Burns Suppers are very traditional affairs, whether they’re held in Scotland, Japan, or the Kremlin (where the annual Burns fete is nationally televised. Its ratings have soared in recent years with the addition of a Burns poetry-reading contest judged by Simon Cowell.)
The main goal of a Burns Supper is to entertain, which is a breeze, considering its required elements: Scotch whisky; haggis, a dish made from sheep parts that even desperately starving wild carnivores won’t touch; Maalox; and lots more Scotch whisky.

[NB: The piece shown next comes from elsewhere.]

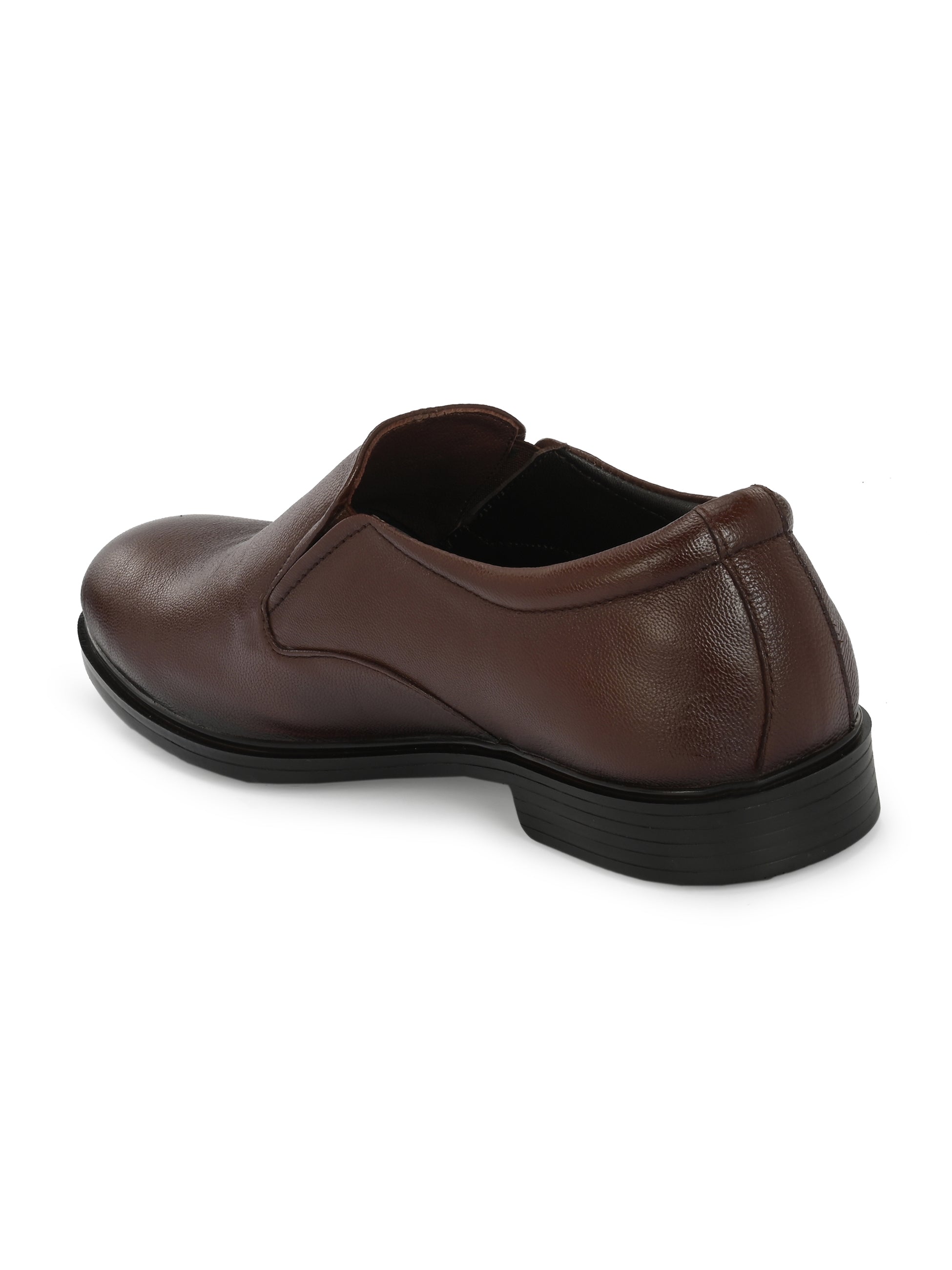 Egoss Formal Slip-On Shoes For Men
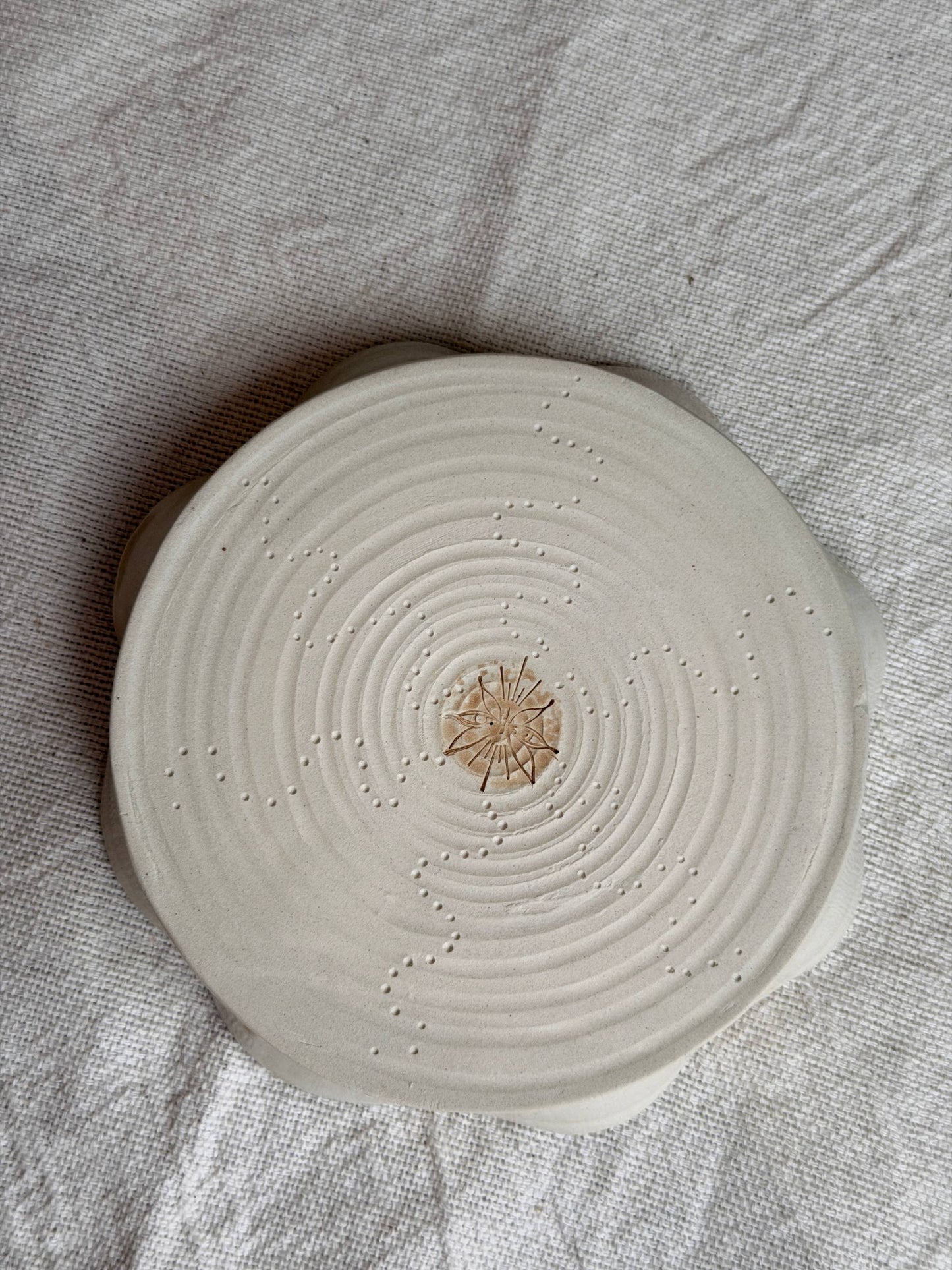 Trinket/Decorative dish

Every Burns Supper follows a precise format. First, everyone stands as the haggis is brought in, accompanied by a bagpiper. If the guests have been keeping the host from his whisky, he punishes them by having the bagpiper play.
Next, the guest with the most whisky in him recites Burns’ famous poem, “Address to a Haggis.” (Burns made serious money writing stuff like this, so stop mocking me for hoping that my “Trivia about Dead Guys” columns will eventually do the same for me.)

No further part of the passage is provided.